**** ENTRIES SUPPLIED

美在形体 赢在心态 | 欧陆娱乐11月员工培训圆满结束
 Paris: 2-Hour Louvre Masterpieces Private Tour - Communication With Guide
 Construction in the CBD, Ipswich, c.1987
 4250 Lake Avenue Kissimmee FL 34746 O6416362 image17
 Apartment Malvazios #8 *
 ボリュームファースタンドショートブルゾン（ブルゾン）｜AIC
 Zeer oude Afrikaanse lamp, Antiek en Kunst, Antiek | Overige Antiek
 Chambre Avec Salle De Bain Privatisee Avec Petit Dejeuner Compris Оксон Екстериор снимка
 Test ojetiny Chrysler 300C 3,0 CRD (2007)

********

EXERCISE GOAL:
Every line from the one that contains "Apartment Malvazios #8 *" down to and including the last line of the records above must be set down exactly, with nothing else.

TASK OUTPUT:
 Apartment Malvazios #8 *
 ボリュームファースタンドショートブルゾン（ブルゾン）｜AIC
 Zeer oude Afrikaanse lamp, Antiek en Kunst, Antiek | Overige Antiek
 Chambre Avec Salle De Bain Privatisee Avec Petit Dejeuner Compris Оксон Екстериор снимка
 Test ojetiny Chrysler 300C 3,0 CRD (2007)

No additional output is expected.